Oh, I think I see what you mean. Thank you for clarifying. So, no, I didn't mean that the prompt is engineered to make it look like the model is performing a calculation. I meant that GPT-3 has memorised instances of arithmetic operations and in order to retrieve them from its memory the human user must figure out the right prompt. I wrote "that's you computing the prompt", not "that's you computing the result".

The prompt is like a SQL query, right? If you don't enter the right query, you don't get the right results. That's the point of all those people on the internets fiddling with their prompts- it's like they're trying to query a database, but they don't know what the right syntax is for their query, so they tweak it until it returns the results they want.

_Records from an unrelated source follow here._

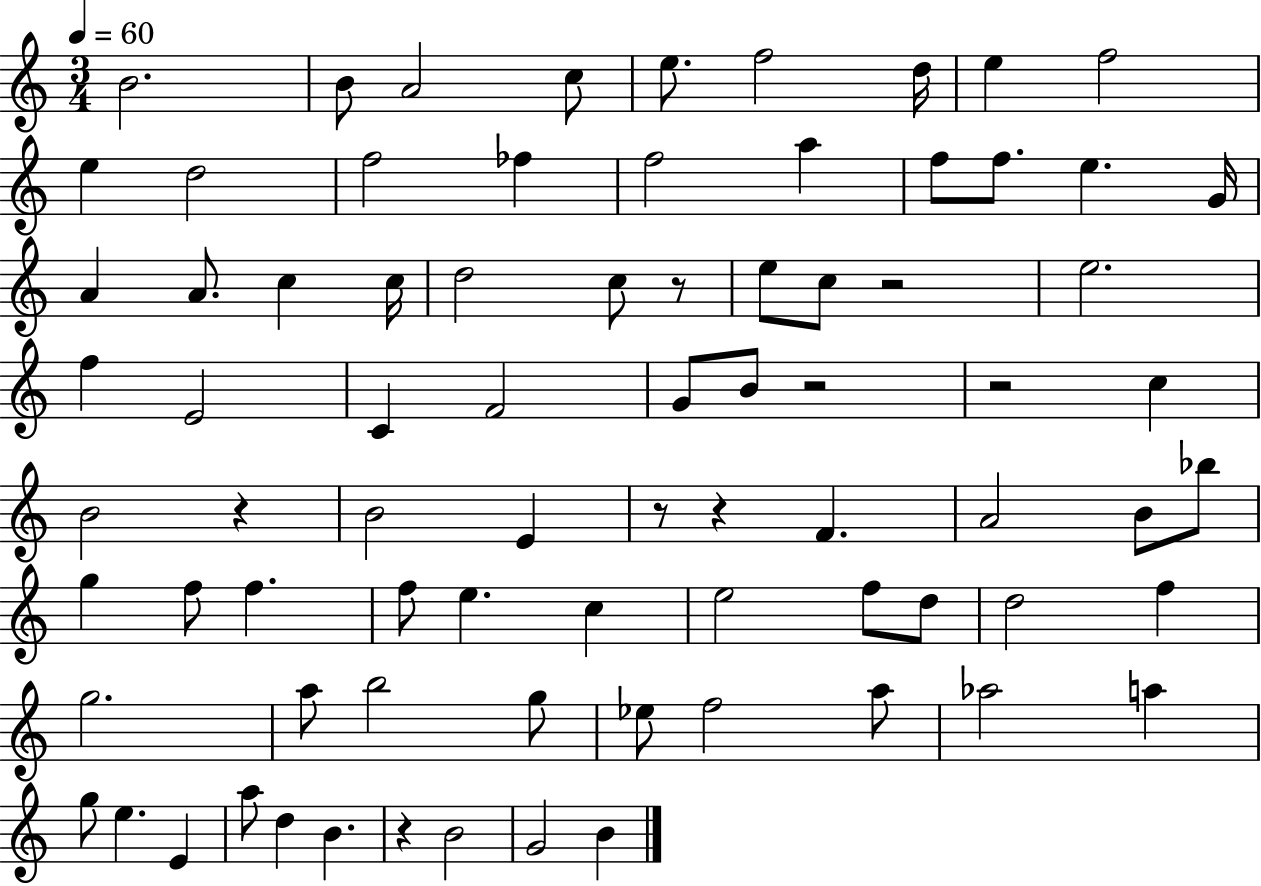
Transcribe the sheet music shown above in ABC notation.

X:1
T:Untitled
M:3/4
L:1/4
K:C
B2 B/2 A2 c/2 e/2 f2 d/4 e f2 e d2 f2 _f f2 a f/2 f/2 e G/4 A A/2 c c/4 d2 c/2 z/2 e/2 c/2 z2 e2 f E2 C F2 G/2 B/2 z2 z2 c B2 z B2 E z/2 z F A2 B/2 _b/2 g f/2 f f/2 e c e2 f/2 d/2 d2 f g2 a/2 b2 g/2 _e/2 f2 a/2 _a2 a g/2 e E a/2 d B z B2 G2 B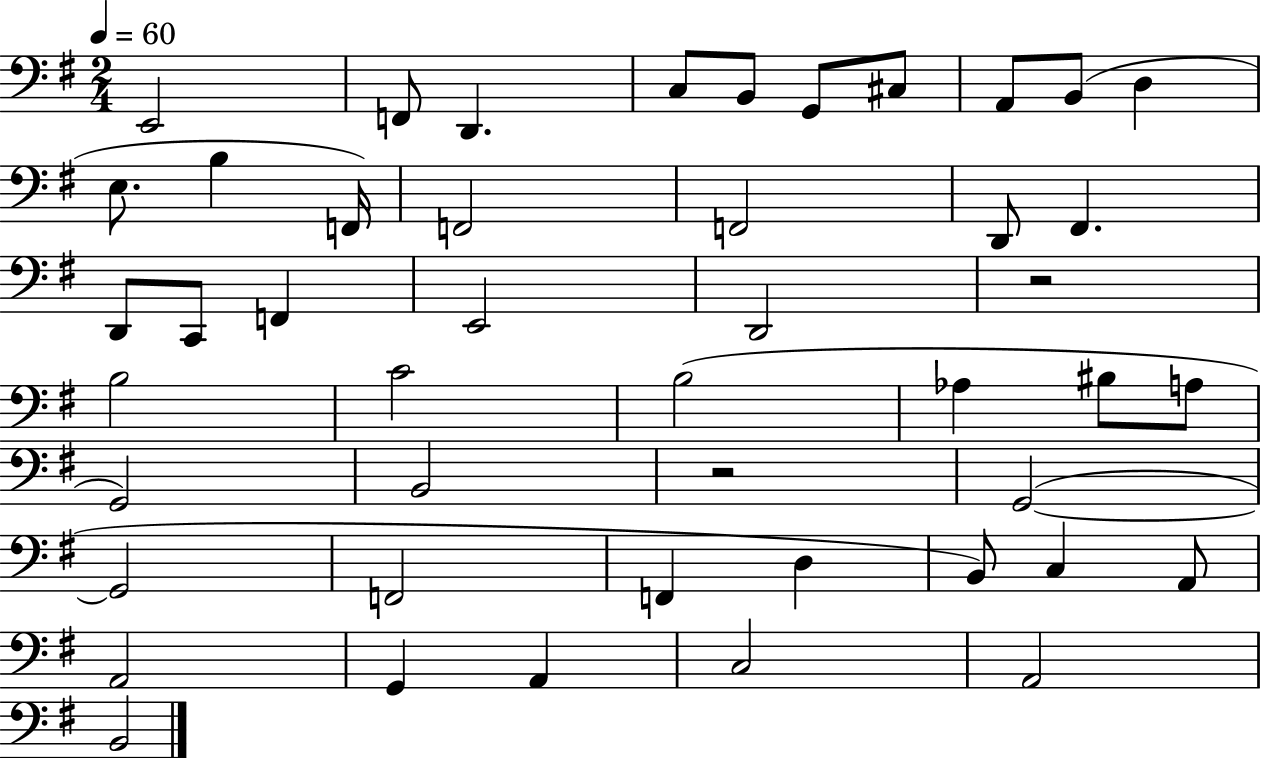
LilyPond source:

{
  \clef bass
  \numericTimeSignature
  \time 2/4
  \key g \major
  \tempo 4 = 60
  e,2 | f,8 d,4. | c8 b,8 g,8 cis8 | a,8 b,8( d4 | \break e8. b4 f,16) | f,2 | f,2 | d,8 fis,4. | \break d,8 c,8 f,4 | e,2 | d,2 | r2 | \break b2 | c'2 | b2( | aes4 bis8 a8 | \break g,2) | b,2 | r2 | g,2~(~ | \break g,2 | f,2 | f,4 d4 | b,8) c4 a,8 | \break a,2 | g,4 a,4 | c2 | a,2 | \break b,2 | \bar "|."
}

For example, the OP mentioned thousands separators being very helpful to the model. That's because it's memorised more arithmetic results with thousands separators, than without. So you're more likely to get the right results out of it if you use thousands separators.

Also because like the OP says GPT-3 has a separate concept for a digit and a string of digits and a separate one again for a string of digits and other symbols. "9999" is, in its model, a different thing than "9,999".

Which, btw, is why it can't calculate. Because to calculate, a system must have a representation of the concept of a number. Otherwise, calculate- with what?